> [Problem to work on] Could you output the listing that follows exactly, without its images?

> [Information provided]
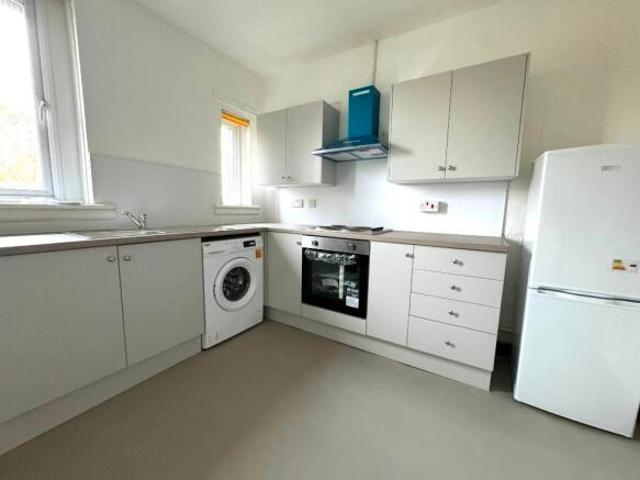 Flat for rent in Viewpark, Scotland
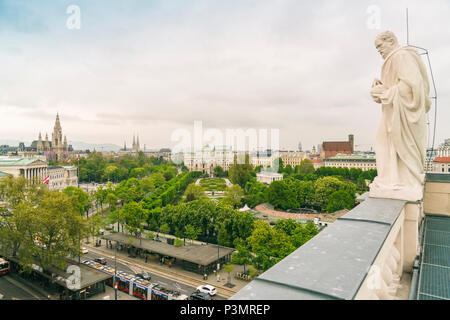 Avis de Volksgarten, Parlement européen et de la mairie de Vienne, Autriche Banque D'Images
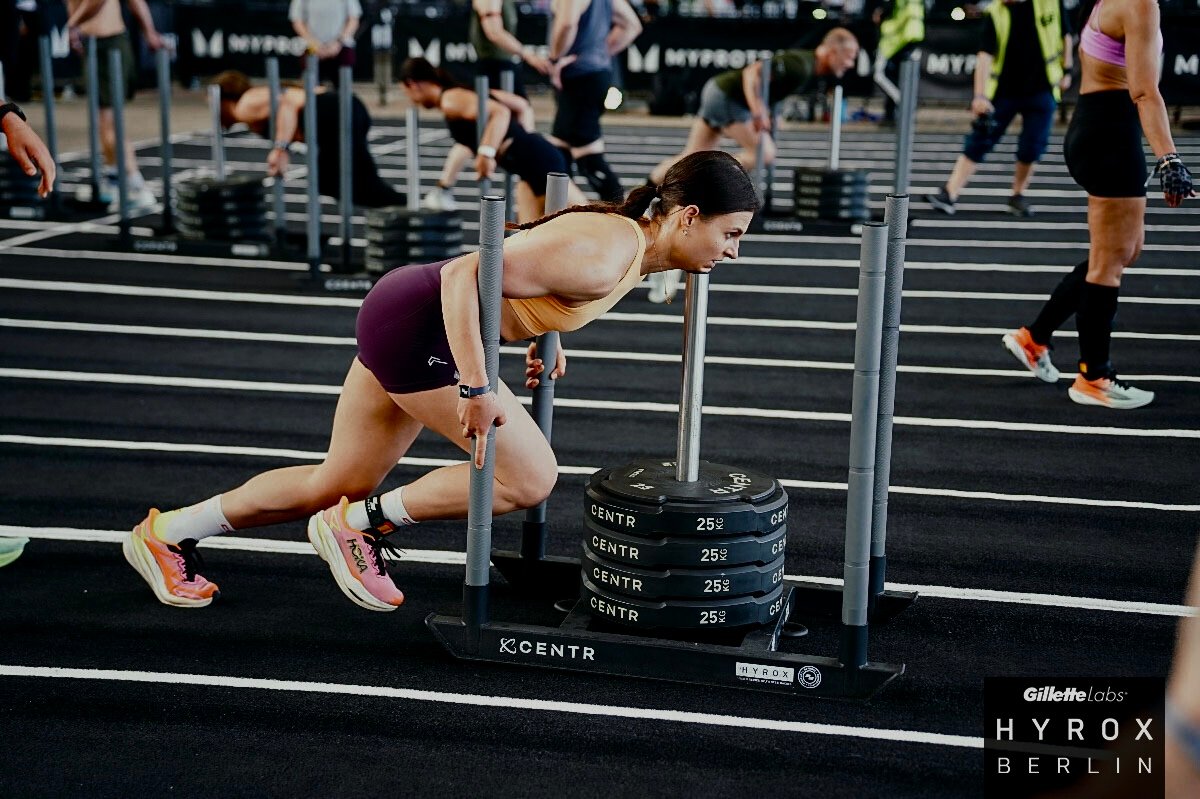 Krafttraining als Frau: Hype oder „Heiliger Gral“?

> [Answer below]
 Flat for rent in Viewpark, Scotland
 Avis de Volksgarten, Parlement européen et de la mairie de Vienne, Autriche Banque D'Images
 Krafttraining als Frau: Hype oder „Heiliger Gral“?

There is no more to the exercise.